Records to process »
※
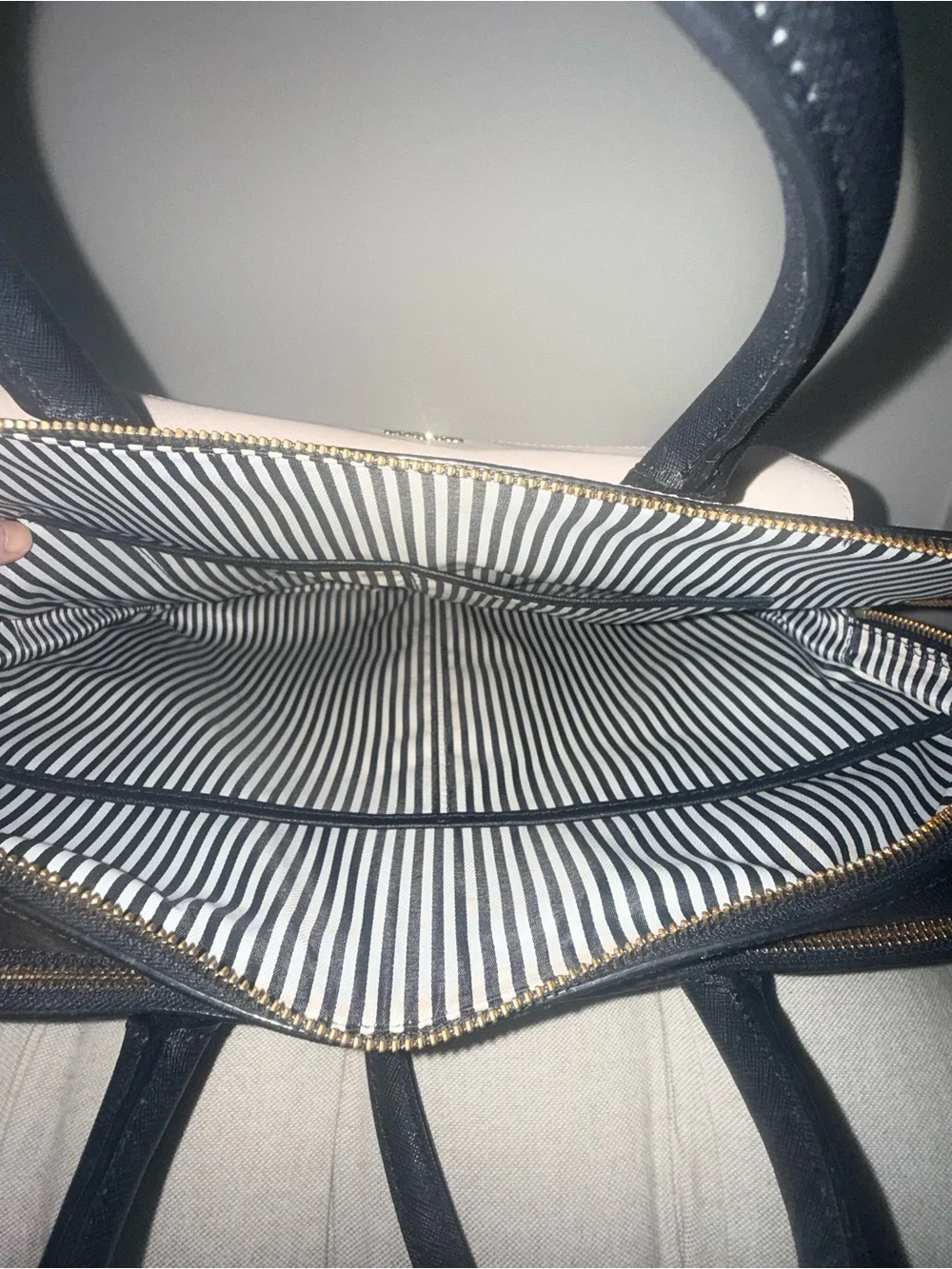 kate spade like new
※
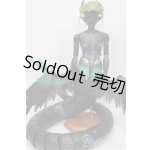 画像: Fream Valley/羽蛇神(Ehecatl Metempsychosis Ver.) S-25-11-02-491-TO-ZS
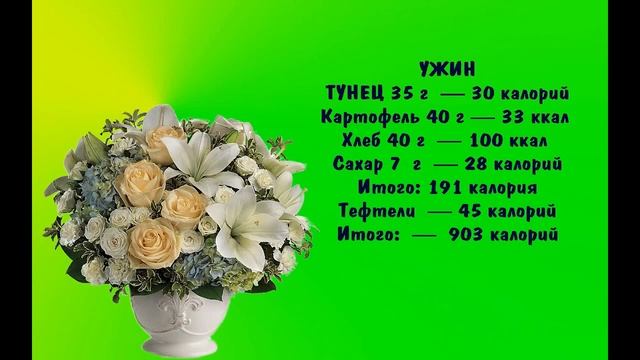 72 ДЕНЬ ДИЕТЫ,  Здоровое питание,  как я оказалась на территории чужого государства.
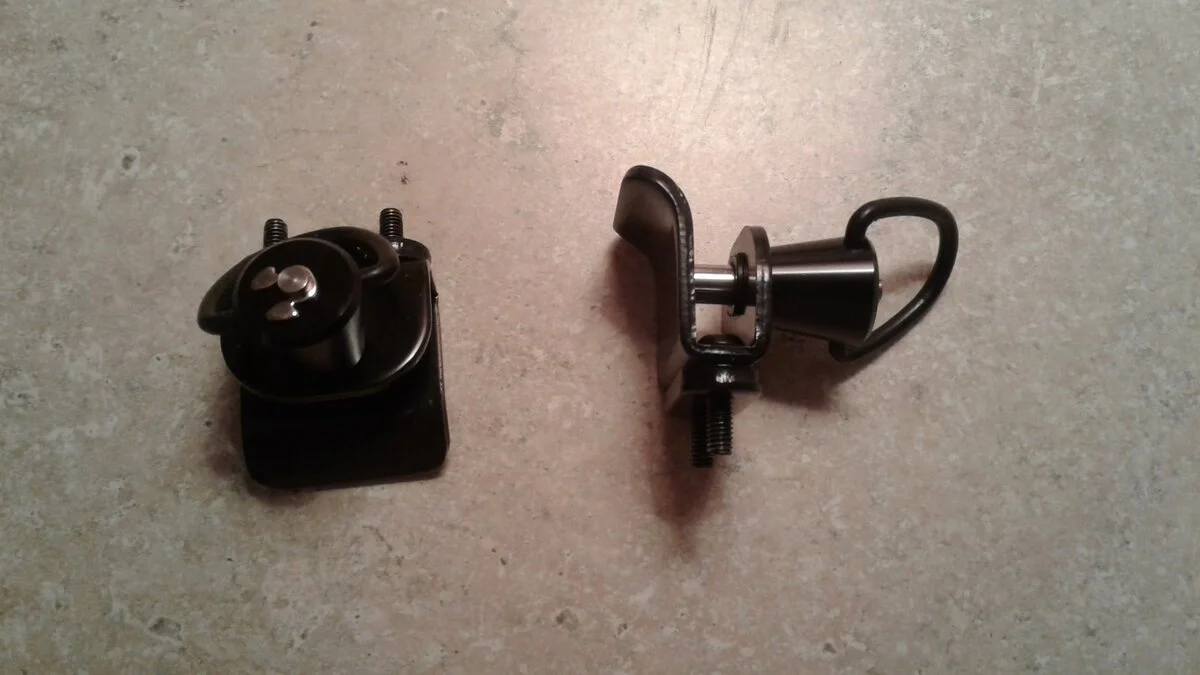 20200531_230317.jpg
※
Your assignment » What should come back is an exact copy of the lines above from the line with "территории чужого государства." to the line with "20200531_230317.jpg", both included, minus the pictures.

Exercise answer »
 72 ДЕНЬ ДИЕТЫ,  Здоровое питание,  как я оказалась на территории чужого государства.
 20200531_230317.jpg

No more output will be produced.